Work

Typical projects while live names sit under NDA

These illustrate the approach. They are not invented brands. When a client allows publication, we replace the scenario with facts: timeline, stack, and a measurable result.

AWS + speed

Storefront off a VPS onto AWS

Problem. The catalog went down during campaigns, nobody had tested a backup, deploys were SSH by hand.

What we did. Move to AWS, CloudFront, a separate staging environment, a pipeline, restore tests.

Timeline. 4–6 weeks depending on catalog size and integrations.

Stack. S3 / CloudFront or ECS, RDS, GitHub Actions, Route 53.

Target outcome: the site holds peak traffic, a release is not scary, there is a way back.

AWS account

Order in the cloud

Problem. The bill keeps climbing, keys are shared, a bucket is public, nothing is tagged, nobody knows what can be turned off.

What we did. IAM and MFA, close the leftovers, budget alerts, a resource map, a backup policy.

Timeline. 2–3 weeks for the audit and baseline cleanup.

Stack. IAM, CloudWatch, Budgets, Secrets Manager, S3, RDS snapshots.

Target outcome: a readable bill, personal access, fewer surprises.

AWS + SEO

Online publishing platform, launched and optimized

Problem. A small press wanted to sell original books online — author pages, covers, samples, and checkout — not a magazine archive. The old site was a brochure with PDFs in a folder. Google barely indexed the titles. A new release day stalled the pages, and there was no staging to preview a drop before it went live.

What we built. We stood the store up on AWS: CloudFront in front of the catalog, object storage for covers, interiors, and sample chapters, a managed database for books and authors, separate staging and production, and a deploy pipeline so a new title could go live without SSH. Each book and author got a stable URL. Product, author, and “buy now” pages were treated as commercial pages, not afterthoughts — cart, tax, and print vs. ebook in the same flow.

What we optimized. Technical SEO first: sitemap by book and author, Book and Person schema, canonicals for hardcover vs. ebook, image compression so cover-heavy pages hit Core Web Vitals. Then demand work: title and author pages mapped to how people search for the books, internal links from author to buy, Search Console and GA4 on product views and checkout starts. After launch we kept a retainer for cache, index coverage, and release-day load.

Timeline. About 8–10 weeks to launch. SEO compounding over the following quarter.

Stack. S3, CloudFront, ECS or Elastic Beanstalk, RDS, Route 53, GitHub Actions, Schema.org, Search Console, GA4.

Outcome: the bookstore is live on a stack that survives a new-title drop, Google can crawl books and authors, and sales are not limited to people who already knew the press.

App + SEO

Auto repair site with live job intake before the quote

Problem.
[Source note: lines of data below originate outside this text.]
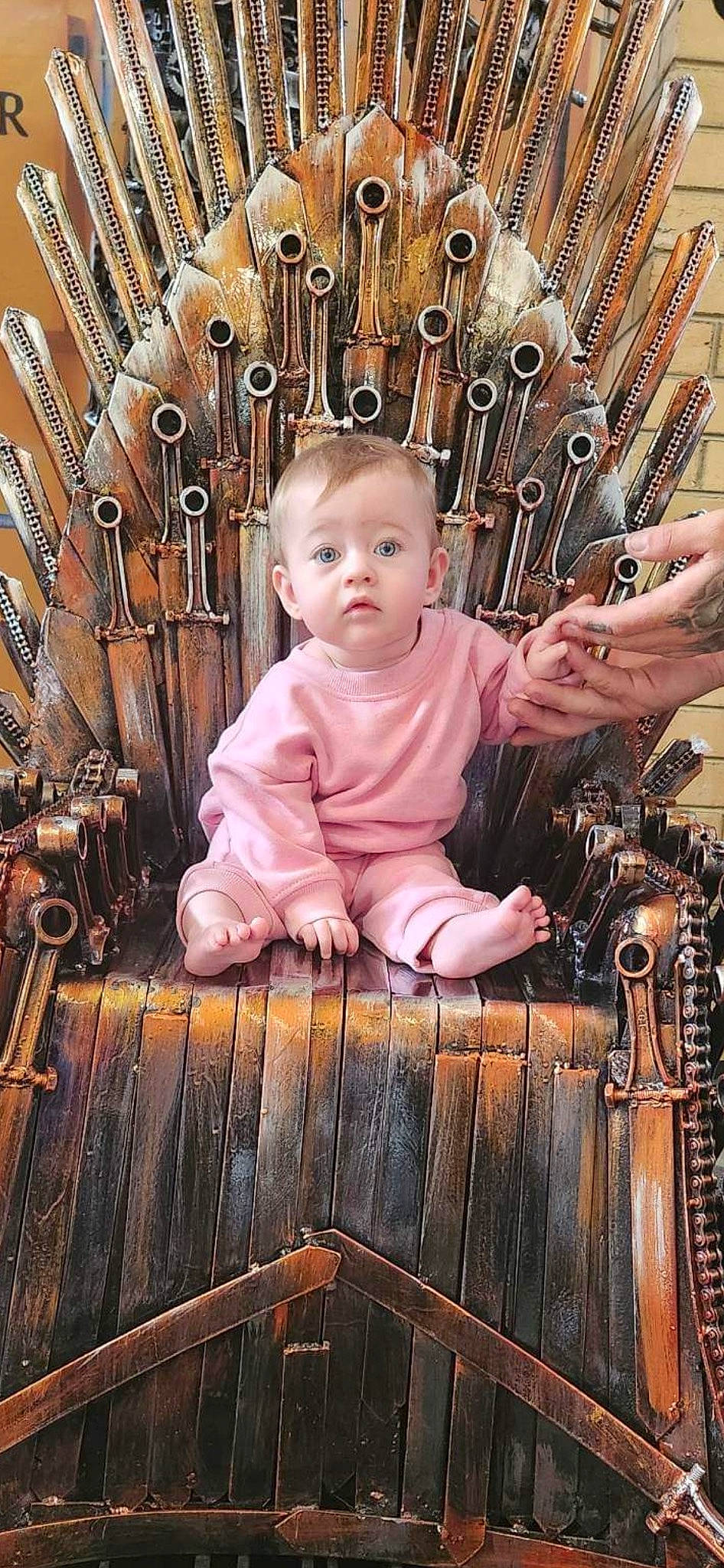 Aurora is registered to the contest to win money with this photo: baby, baby_products, baby_toddler_clothing, chair, cheek, child, dress, eye, fun, happy, hardwood, metal, organ, outerwear, pattern, person, pink, sitting, skin, toddler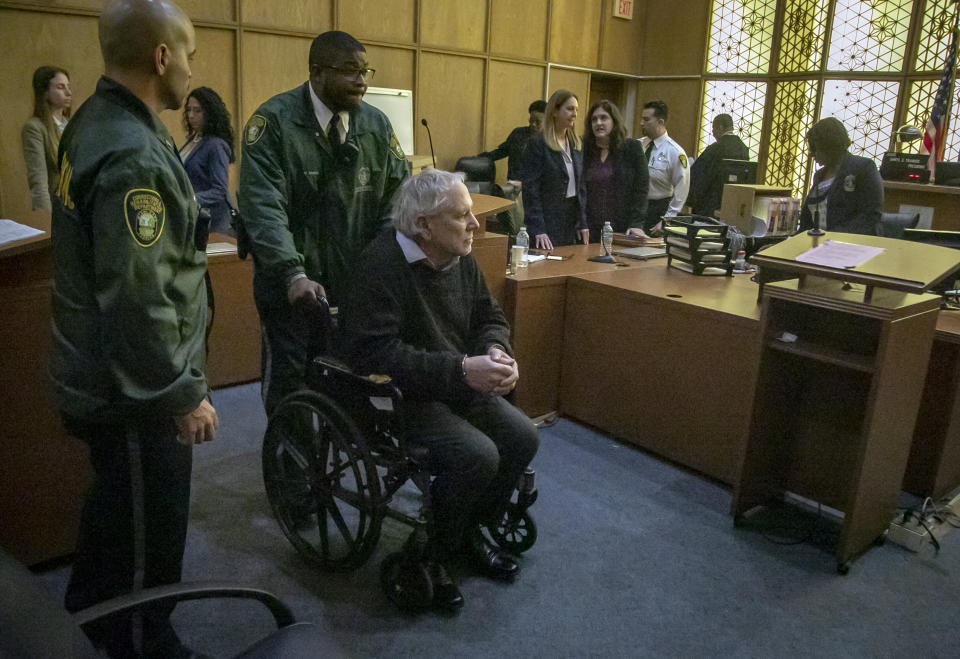 Robert Koehler, who authorities call the "Pillowcase Rapist," is wheeled out of the courtroom by a Miami-Dade Corrections and Rehabilitation Department officer after he was found guilt by a jury in his trial, Wednesday, Jan. 25, 2023, in Miami. (Jose A. Iglesias/Miami Herald via AP, Pool)
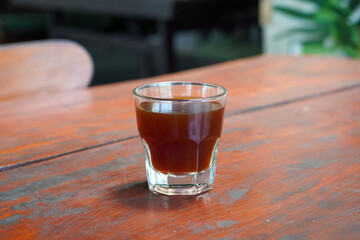 Arabica V60, captured on September 2, 2025. Hand-brewed Arabica coffee using V60 pour-over method, hot black coffee in glass server and ceramic cup, minimalist modern café style lifestyle photography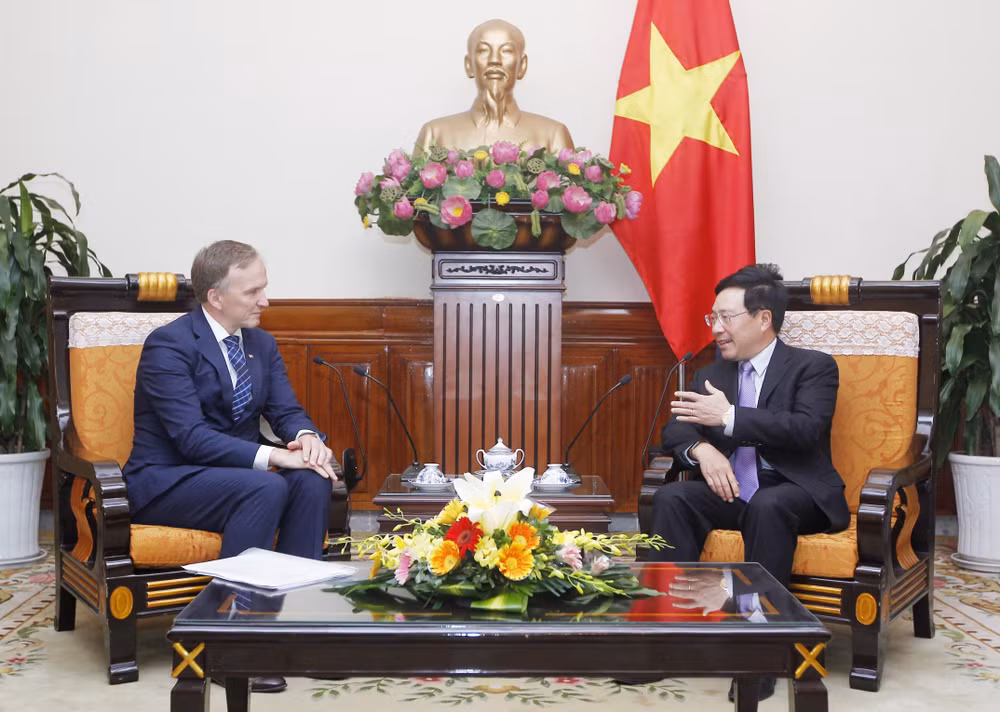  政府副总理兼外长范平明会见拉脱维亚国务秘书安德烈斯·贝德高 ảnh 1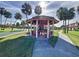 Relaxing gazebo with seating, surrounded by palm trees and shuffleboard courts at 707 Sorrento Inlt # 707, Nokomis, FL 34275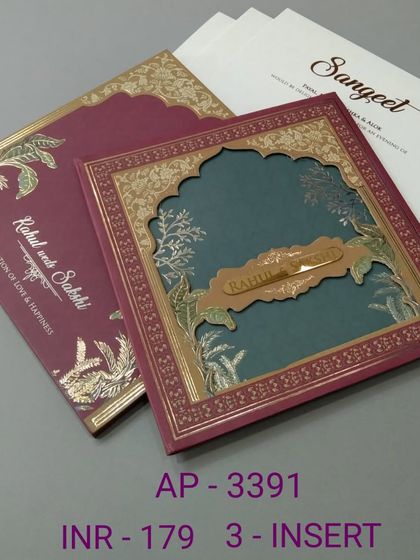 This card combines a rich maroon cover with a teal interior, revealed through a laser-cut arch. The gold foil details add a touch of luxury to this three-insert invitation.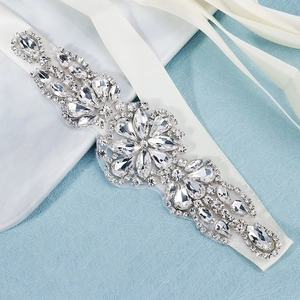 Sparkling bridal belt with silver rhinestone flower applique on elegant white ribbon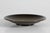 Small decorative Art Deco low bowl made of bronze. The brown patina mixes in with cobber green towards the center of the...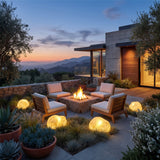 Vibrant Stone Outdoor Light around an outdoor fire pit seating area at dusk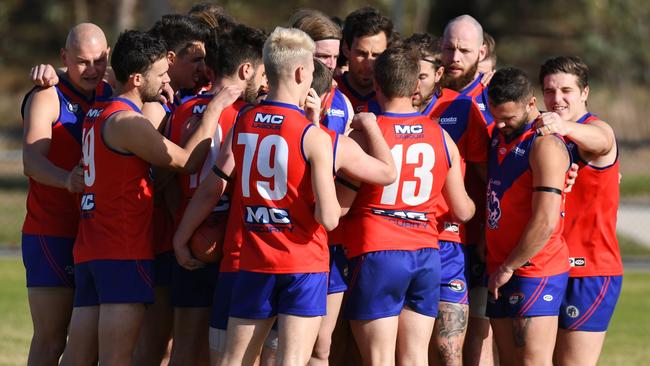 Mernda players come together before a Northern Football League game. Picture: Nathan McNeill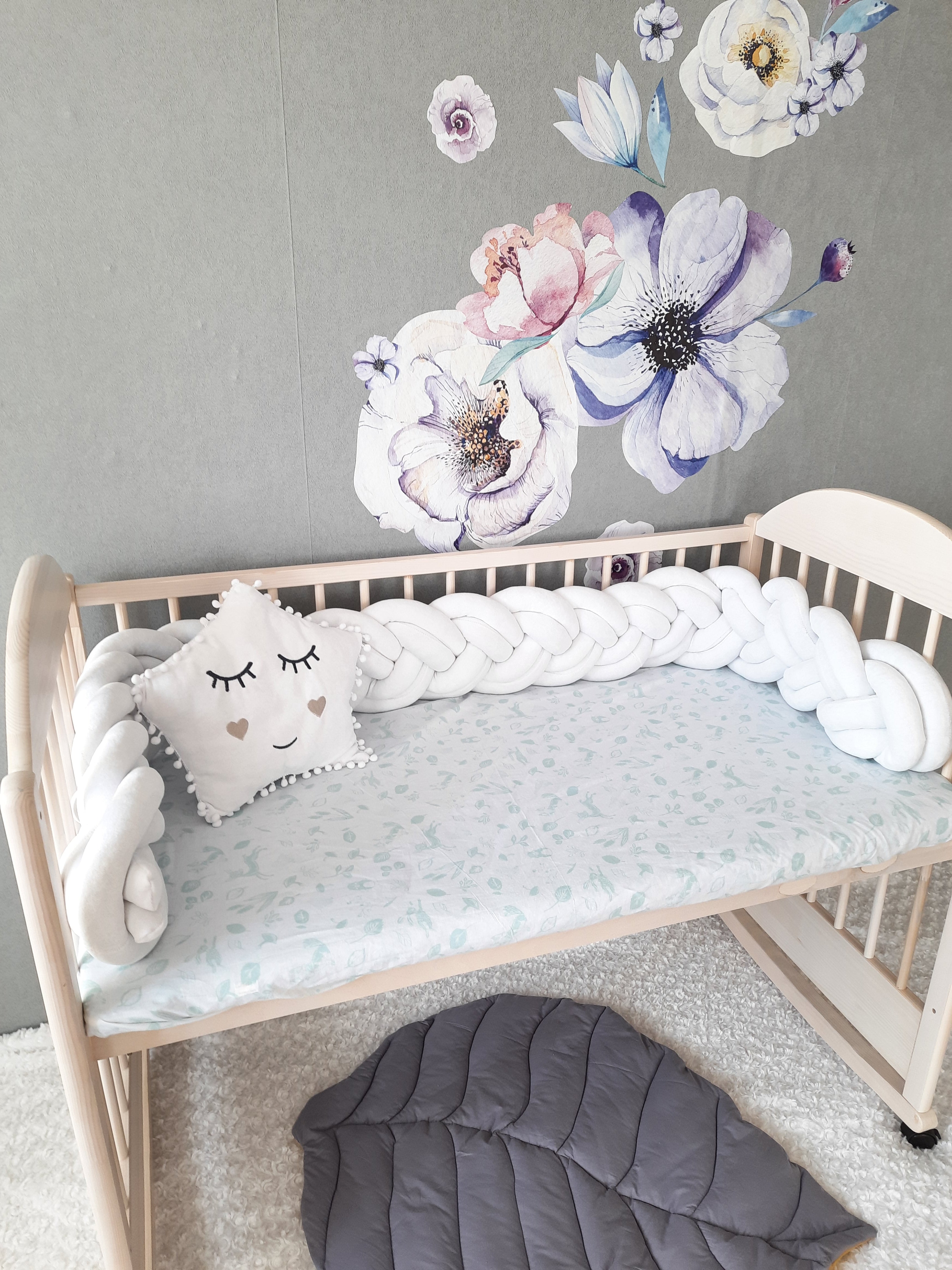 White Double Braided Bumper with white star pillow on the crib. Front side slightly angled from the left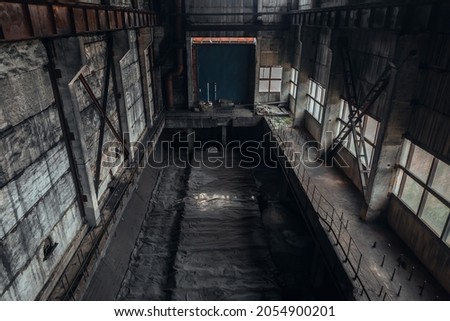 An empty room in an abandoned mining facility. Deserted space of an abandoned workshop covered with coal dust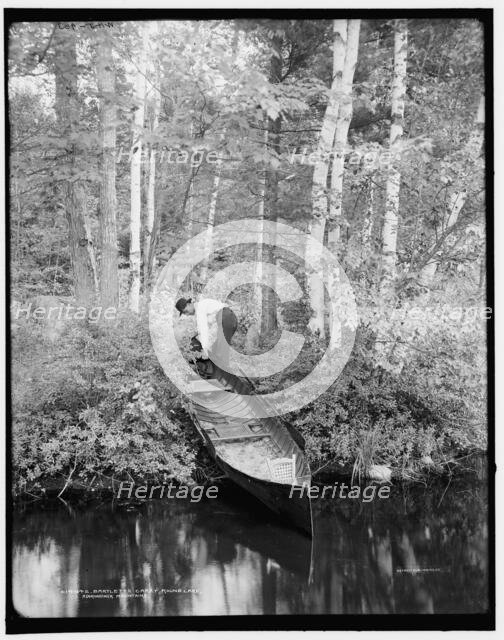 Bartlett's carry, Round Lake, Adirondack Mountains, (1902?). Creator: William H. Jackson.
An auto shop’s site was a static list of services and a phone number. People bounced when they could not get a number on the screen. Staff quoted jobs in the bay with half the facts. Photos arrived on WhatsApp with no vehicle, no mileage, no preferred slot. There was nothing to calculate against — and no record of the lead if the call dropped.

What we built. A public site plus a dynamic intake module that runs before any estimate. The customer picks the vehicle (year, make, model, engine), the concern, mileage, photos of the damage or dash, and a time window. That packet hits an API on AWS, lands in a queue for the advisor, and only then does the shop return a calculation or a “bring it in” slot. No quote without a complete job file. The shop dashboard shows new requests, status, and a one-click reply with the range.

What we optimized. Local service pages (brakes, diagnostics, AC) for “repair + city” queries, click-to-intake from every service block, speed on photo upload, and events in GA4 for start → complete intake → quote sent. After launch we tuned the required fields so the form did not kill conversion, and we kept index coverage on the service URLs.

Timeline. About 6–8 weeks to launch the site and intake. Quote-flow tweaks in the first month live.

Stack. CloudFront, S3 (photos), Lambda / API Gateway, DynamoDB or RDS, SES for advisor alerts, GitHub Actions, GA4, Search Console, local landing pages.

Outcome: the shop gets a structured job before it quotes, photos are not lost in chat, and search traffic lands on an intake — not a dead phone number.

SEO

Service category from scratch

Problem. Ads produce expensive leads, organic search is almost empty, service pages cannibalize each other.

What we did. Technical foundation, keyword architecture, page tree, commercial copy, analytics goals.

Timeline. The first technical layer is weeks. Demand growth is months.

Stack. Search Console, GA4, Schema.org, template edits on the site.

Target outcome: leads from organic search, not only visits to the homepage.